I have the following code snippet:
ls3['REP'] = pd.to_datetime(ls3['REP']).dt.to_period('M')
ls3['month'] = pd.to_datetime(ls3['month']).dt.to_period('M')
ls3['MonthsBetween'] = ls3['REP']-ls3['month']
So rep is a column of values like 2022-05 and month is also in the format YYYY-MM. I want a column that gives me the difference as an integer number of months.
So if my rep column is 2022-05 and my month column is 2022-01, then the difference should be 4. The method above gives me an output <month-end>
in every row.
I have also tried
ls3["MonthsBetween"] = (ls3['REP']-ls3["month"])/np.timedelta64(1, "M")

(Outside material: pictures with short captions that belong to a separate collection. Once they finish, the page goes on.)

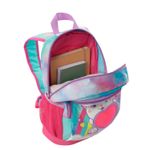MJ04SWH002-2420-9JEM-ECOMMERCE_5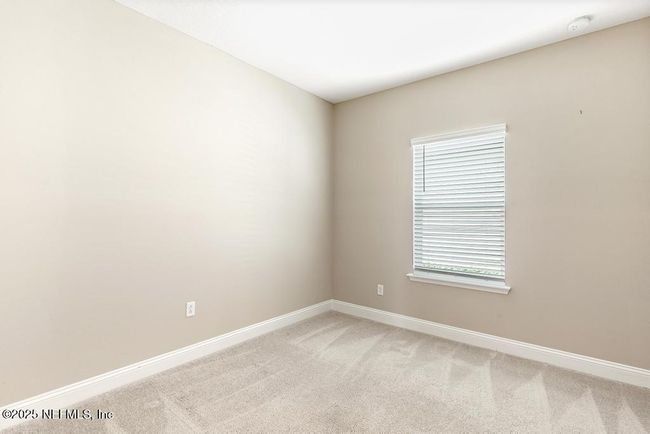 31 Tilden Ct, House other with 4 bedrooms, 3 bathrooms and null parking in St Augustine FL | Image 42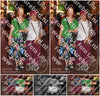 Evenement foto: 2965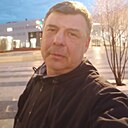 Знакомства: Сергей, 53 года, Москва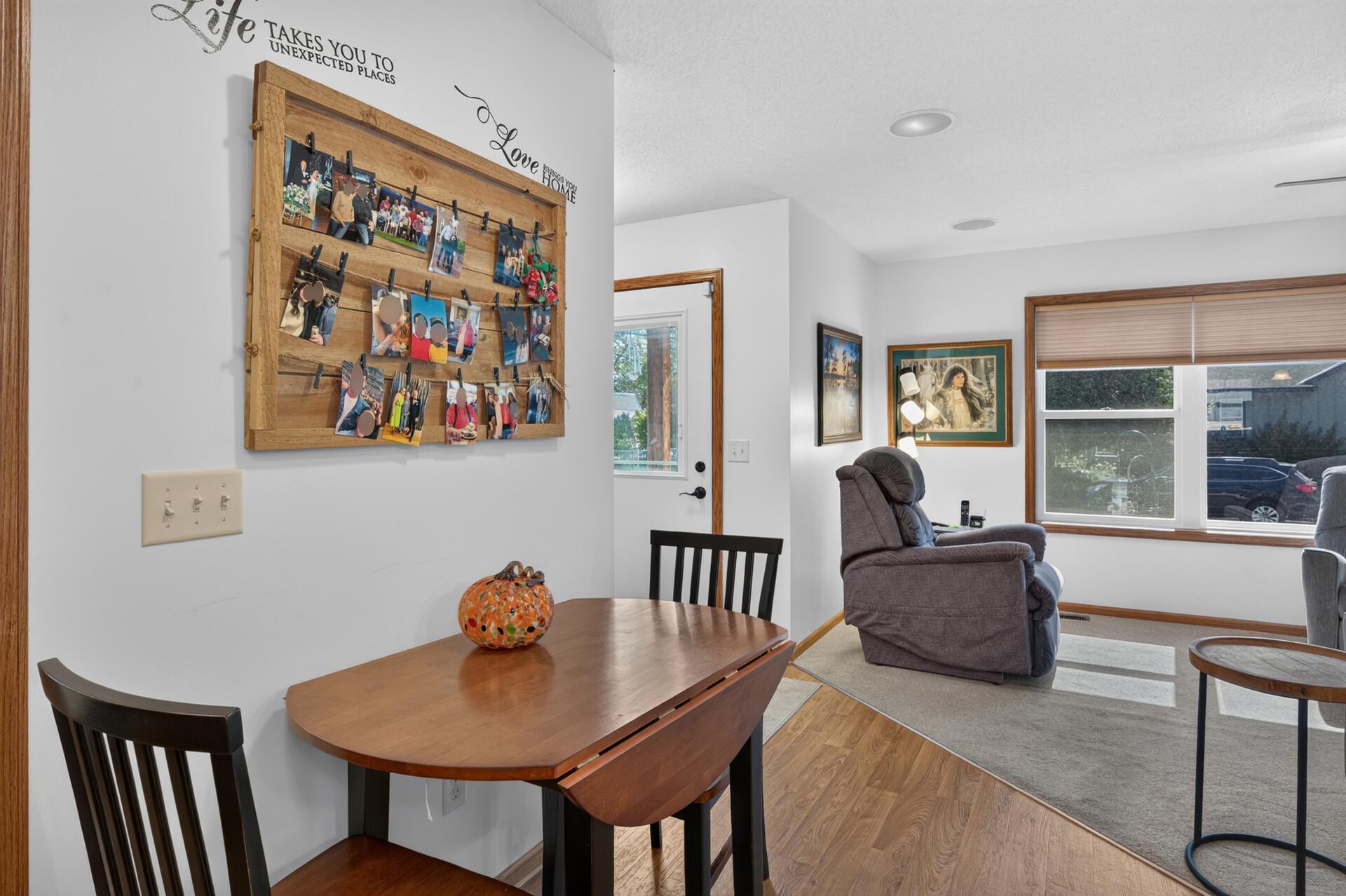 619 7th Street Property Photo 24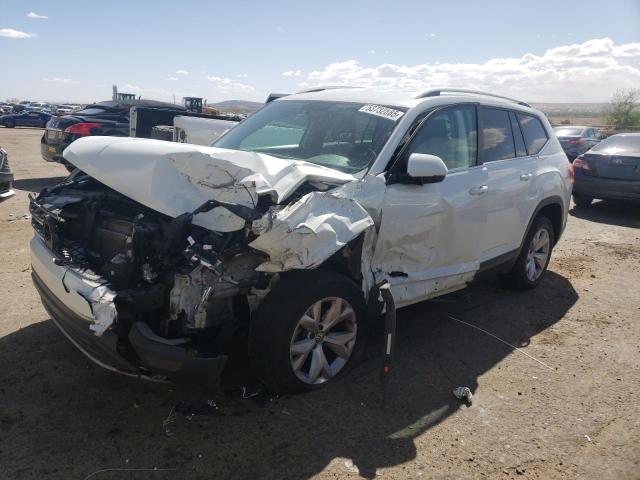 Vin: 1v2gr2ca1jc529248, lot: 53732885, volkswagen atlas s 2018 img_1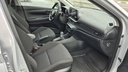 Hexon import image 9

So instead of turning the full dates 2022-05-01 into 2022-05, I subtract say 2022-05-01 - 2022-01-20 and convert this to a month then round it. The rounding causes issues as I don't care how many days are between the two, I really only want to subtract the two month values.
CodePudding user response:
IIUC, you don't have to overwrite your existing columns, perform the computation and assign directly:
ls3['MonthsBetween'] = (pd.to_datetime(ls3['REP']).dt.to_period('M')
-pd.to_datetime(ls3['month']).dt.to_period('M')
)
If you want integers:
ls3['MonthsBetween'] = (pd.to_datetime(ls3['REP']).dt.to_period('M').astype(int)
-pd.to_datetime(ls3['month']).dt.to_period('M').astype(int)
)
Output:
REP month MonthsBetween
0 2022-05-01 2022-01 4
Used input:
ls3 = pd.DataFrame({'REP': ['2022-05-01'], 'month': ['2022-01']})